To test this hypothesis, Miller and colleagues analyzed data of 207 urban children from diverse socioeconomic backgrounds. The children had a mean age of 13.9 years and 63% were girls, 33% were Black and 30% were Hispanic. The researchers focused on poverty as a stressor. They drew participants’ fasting blood to quantify five inflammatory biomarkers, which were C-reactive protein, tumor necrosis factor-a and interleukins-6, -8 and -10, and they averaged results to form a composite score. Miller and colleagues’ measured participants’ amygdala responsivity to angry facial expressions, as well as their ventral striatum responsivity to monetary rewards, using two functional MRI tasks.
Results showed a statistical interaction between poverty status and neural responsivity that predicted inflammation. Children living in poverty exhibited a positive association between amygdala threat responsivity and inflammation, as well as with ventral striatum responsivity and reward. These brain-immune associations weakened as children’s socioeconomic conditions improved. Results of sensitivity analyses revealed these patterns were robust to alternative measure of socioeconomic status. Further, they were independent of age, racial and ethnic identity, sex and pubertal status. The researchers noted that the associations were condition specific, since they observed no interactions for amygdala responsivity to neutral faces, nor did they observe striatal responsivity to monetary losses.

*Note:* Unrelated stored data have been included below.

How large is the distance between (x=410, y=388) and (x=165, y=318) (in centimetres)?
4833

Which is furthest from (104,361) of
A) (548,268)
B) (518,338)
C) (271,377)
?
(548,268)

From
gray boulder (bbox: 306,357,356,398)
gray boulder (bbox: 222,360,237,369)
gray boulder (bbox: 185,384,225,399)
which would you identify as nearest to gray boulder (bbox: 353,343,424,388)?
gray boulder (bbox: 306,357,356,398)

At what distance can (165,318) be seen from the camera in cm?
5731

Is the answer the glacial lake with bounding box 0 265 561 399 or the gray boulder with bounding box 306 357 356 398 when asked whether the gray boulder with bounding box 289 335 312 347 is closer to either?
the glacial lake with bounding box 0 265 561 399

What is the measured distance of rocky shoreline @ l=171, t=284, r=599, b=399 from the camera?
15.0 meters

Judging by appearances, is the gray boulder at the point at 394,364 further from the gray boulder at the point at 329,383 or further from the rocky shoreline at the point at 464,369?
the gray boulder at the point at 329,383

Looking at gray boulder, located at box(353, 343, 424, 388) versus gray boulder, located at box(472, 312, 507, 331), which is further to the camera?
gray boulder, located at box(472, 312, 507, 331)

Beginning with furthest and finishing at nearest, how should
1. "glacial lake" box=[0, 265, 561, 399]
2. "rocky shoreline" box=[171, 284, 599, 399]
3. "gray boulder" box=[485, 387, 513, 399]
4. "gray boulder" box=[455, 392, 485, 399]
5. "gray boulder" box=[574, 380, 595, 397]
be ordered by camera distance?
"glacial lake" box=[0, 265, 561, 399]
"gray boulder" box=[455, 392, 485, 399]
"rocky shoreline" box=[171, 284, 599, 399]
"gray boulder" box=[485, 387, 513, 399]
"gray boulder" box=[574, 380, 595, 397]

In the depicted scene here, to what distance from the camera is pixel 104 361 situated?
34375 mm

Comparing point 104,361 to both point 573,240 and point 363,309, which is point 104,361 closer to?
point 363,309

“As the neuroimmune network hypothesis suggests, these neural and behavioral changes might, in turn, initiate a positive feedback loop that worsens psychiatric symptoms and extends them into other realms,” Miller and colleagues wrote. “Of course, longitudinal studies are needed to evaluate this scenario’s validity, but in the meantime, it provides a framework for conceptualizing how vulnerability arises. In the long term, this work could facilitate a next generation of interventions that improve psychiatric outcomes by targeting brain-to-immune and/or immune-to-brain signaling.”